Google Harus Izinkan Penerbit Inggris Keluar dari Search AI Sesuai Aturan Baru

Google
Google

London | EGINDO.co – Inggris telah memberlakukan persyaratan perilaku baru pada layanan pencarian Google, termasuk mengizinkan penerbit untuk menghentikan penggunaan konten mereka untuk mendukung fitur kecerdasan buatan raksasa teknologi Amerika Serikat tersebut, seiring dengan peningkatan pengawasan oleh badan pengawas.

Otoritas Persaingan dan Pasar (CMA) negara tersebut telah menyampaikan kekhawatiran tentang dominasi Google dalam pencarian, dan memberikan perusahaan tersebut “status pasar strategis” yang memungkinkannya untuk menetapkan aturan yang ditargetkan untuk meningkatkan kepercayaan dan transparansi.

Google menyumbang lebih dari 90 persen dari kueri di Inggris, dan regulator mengatakan pada bulan Januari bahwa mereka ingin memberi penerbit lebih banyak kendali atas bagaimana konten mereka digunakan.

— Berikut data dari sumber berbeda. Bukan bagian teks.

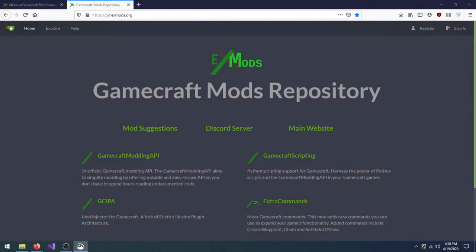Making a GameCraft mod isn't quite as easy as just installing a mod, but it's pretty straightforward. Due to infrastructure by my GameCraft modding group called XMods, the tools to get started are all publicly available online.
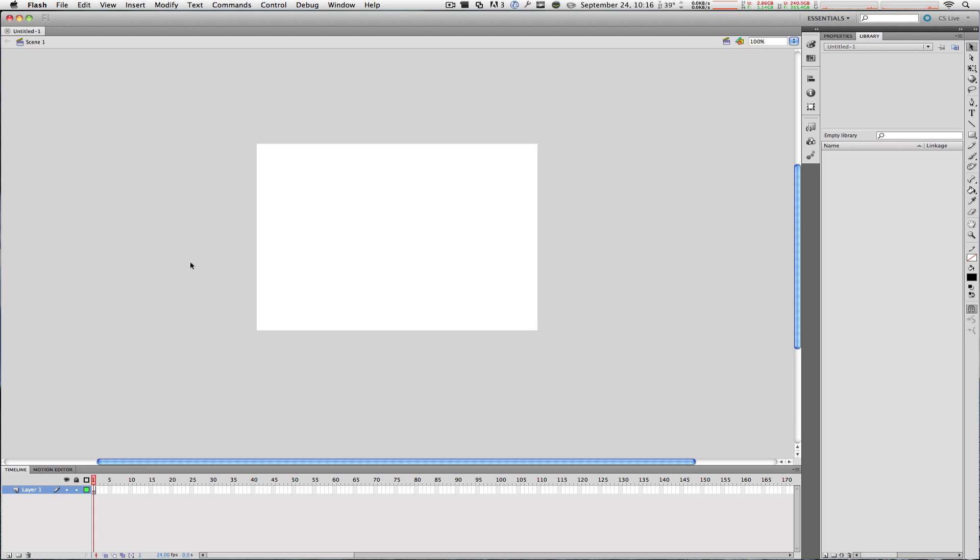Let's take a good look at the interface in Flash. The main working area in Flash CS5 is called the stage, which is right here. This is where you can move, select, and pretty much modify the objects you want in your final Flash video.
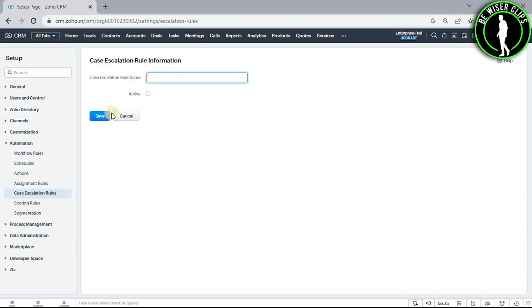So after coming on this page, you just need to enter your case escalation rule name and activate this button. Let's say we will go with Olivia.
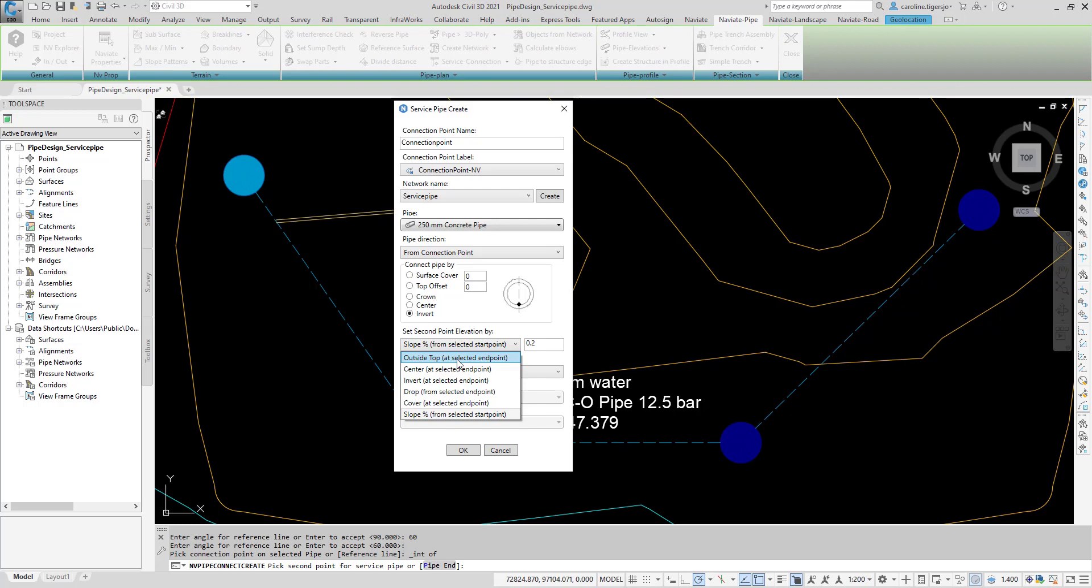Drop sets the elevation of the end point as a distance from the stored value. And Slope sets the slope of the service pipe.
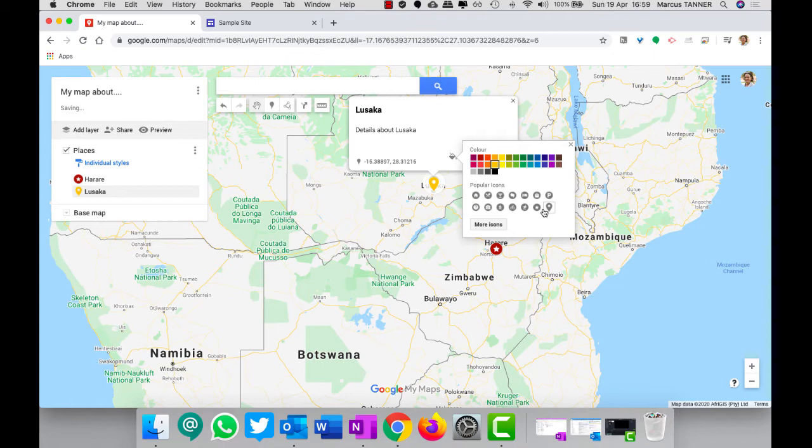And again, you can change the style of your pin. Not super important.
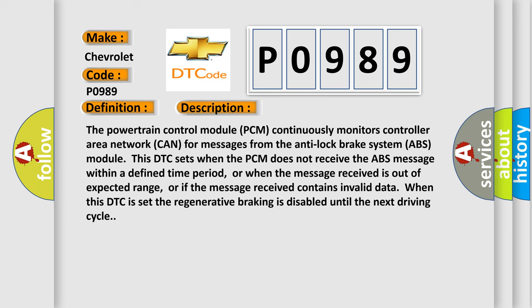The powertrain control module (PCM) continuously monitors controller area network (CAN) for messages from the anti-lock brake system (ABS) module. This DTC sets when the PCM does not receive the ABS message within a defined time period, or when the message received is out of expected range, or if the message received contains invalid data. When this DTC is set, the regenerative braking is disabled until the next driving cycle.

CMA pada hari Rabu (3 Juni) mengatakan bahwa persyaratan yang dikenakan pada Google di bawah rezim persaingan pasar digital memberi “penerbit lebih banyak kendali dan daya tawar yang lebih kuat atas penggunaan konten mereka”, sambil memastikan kesepakatan yang adil.

Situs web berita dan penerbit lain telah melihat tingkat klik-tayang turun tajam sebagai akibat dari pengguna yang bergantung pada ringkasan yang dihasilkan dengan bantuan AI.

Google menyatakan pihaknya menyediakan “sumber daya, wawasan, dan kontrol baru bagi pemilik situs web” untuk menavigasi perubahan cara pengguna menemukan dan memahami informasi menggunakan AI generatif.

Google mengatakan sedang menguji kontrol baru yang memungkinkan penerbit mengelola bagaimana tautan dan konten mereka muncul dalam fitur pencarian AI generatif.

Situs yang memilih untuk tidak ikut serta tidak akan menerima lalu lintas dari Ikhtisar AI dan Mode AI, kata Google dalam sebuah postingan blog, tetapi kontrol tersebut tidak akan memengaruhi hasil pencarian tradisional.

Google juga mengatakan sedang meningkatkan jumlah tautan dalam respons AI dan mulai meluncurkan wawasan baru untuk penerbit.

CMA mengatakan Google akan diwajibkan untuk memastikan konten dari penerbit, termasuk organisasi berita, diatribusikan dengan benar dalam hasil pencarian yang dihasilkan AI, menggunakan tautan yang jelas.

“Google baru-baru ini mengumumkan perubahan pada bisnis pencariannya dan persyaratan yang kami perkenalkan hari ini dirancang untuk menanggapi apa yang dilakukan Google sekarang dan di masa mendatang,” kata Kepala Eksekutif CMA, Sarah Cardell.

Google menghadapi peningkatan pengawasan regulasi di seluruh dunia, termasuk di AS dan Uni Eropa, dan perusahaan tersebut pada bulan Maret mengatakan sedang mengembangkan kontrol pencarian baru untuk mengatasi kekhawatiran persaingan di Inggris.